Limitation of Solution
Main limitation of image detection on mobile cameradevice would always be dependent on memory space and processing speed of device. Main challenge is always going to be number of target object for matching with the frame rate.
In the server based matching the main limitation had been internet bandwidth and looking at the enhancement in internet bandwidth we could start getting same experience as client based but that the matching could be with huge amount of target images or content like “google google” concept which already exists.
Overcoming the limitation
To further enhance the automated extraction approach and resolve limitation of processing speed and storage, recommendation is to add “selection parameter” to reduce the matching problem. These selection parameters will help mobile to keep the relevant extracted files on mobile device and can be synced with other dataset by changing the selection parameter. Once again the selection parameter could be controlled or selected by end user or can be automated by mobile application. Example of user specific selection parameter can be “topic of interest”, “industry”, “sports” etc… and examples of automated parameter could be “geo-position”(geographical; latitude and longitude), time based parameter “month”, “day”, “night”, etc..

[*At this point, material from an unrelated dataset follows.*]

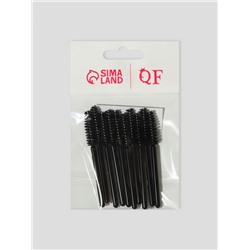 Щёточки для бровей и ресниц «МИНИ», набор - 10 шт., 7 см, чёрные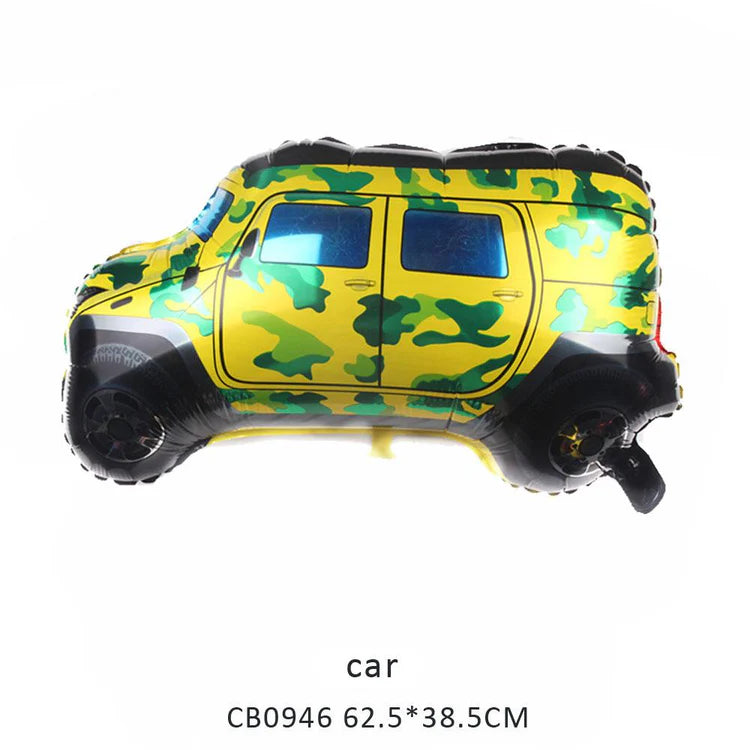 3D Vehicles Foil Balloon MOQ 50 pcs Batch 5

In this approach the mobile application first syncs in the data specific to the selection parameter (manual or automated). To do that it passes the parameter to the server which uses the “Data Selector” layer to fetch the extracted image data specific to “selection parameter”. This subset of specific extracted data is sent to mobile device. The variation in this approach is that it can change this data once the user changes the “selection parameter”. It is required that mobile device sync with the server on the relevant sub-set of data depending and periodicity of defined by the application.
This approach further enhances the existing matching solution and provides much robust user experience depending upon his setting or geo location.

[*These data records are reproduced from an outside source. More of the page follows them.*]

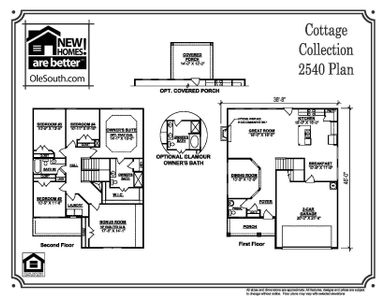 New construction Single-Family house Manchester, TN 37355 plan 2540 Elevation ABC - image 2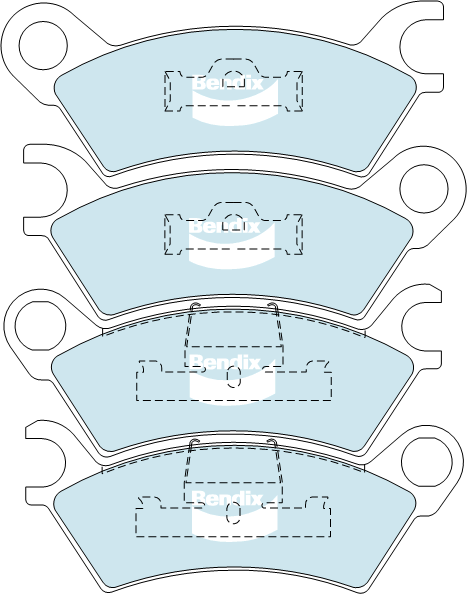 Bendix General CT Brake Pad Set Front DB278 GCT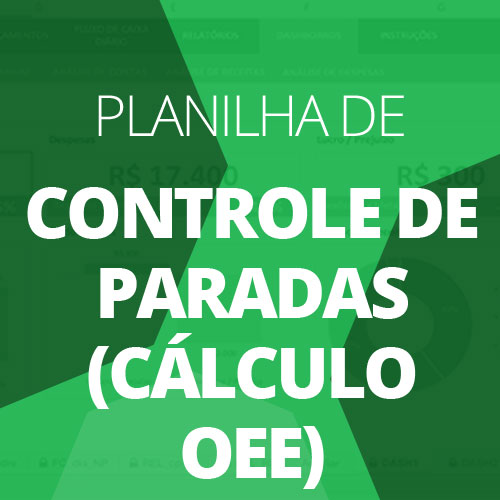 Logo Planilha de Controle de Paradas (Cálculo OEE) Ícone Logo Planilha de Controle de Paradas (Cálculo OEE) Ícone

To elaborate on the above described approach, let us take an example of finding availability of office meeting rooms by just pointing the mobile camera at it. Every office has meeting room with some number or name on it’s door. We can take the picture of each door (meeting room number is included for better success of camera matching) in City A location and City B location. In our earlier approach it would match the image perfectly but given that once we start increasing the meeting room we will soon run out of performance to get good user experiences. So in this case it makes sense that on mobile we only try to match images for City A meeting room doors not across the whole database. In this example we will send the geo-position of the person to server and synchronize the mobile device with the selected City A image extraction features instead of all the data. This would ensure the speed is not compromised and when we travel to other location (City B) mobile automatically synchronizes the City B dataset. This way we solved the limitation of hardware by utilizing the strength of geo-location with image matching. Both complemented each other, since within office the GPRS(General Packet Radio Service) seems not very precise but image matching bring the advantage of still recognizing the objects and fetching the data, which is an added advantage in this case.
We can come up with many examples for such application such as next bus on the bus stop or train on the train station or etc…
Figure: Enhanced approach to mobile image recognition
Application of the solution
We are already seeing lots of application already trying out these such as layar, “google goggles”, augmented reality application or platform
itself providing the implementation of similar approaches.
SAP can create and leverage the enhanced mobile client recognition approach for many of its enterprise application and can provide a great business user experience in extracting data or report or status for material, document, equipment, etc.. just pointing at them and many actions can be triggered with the same.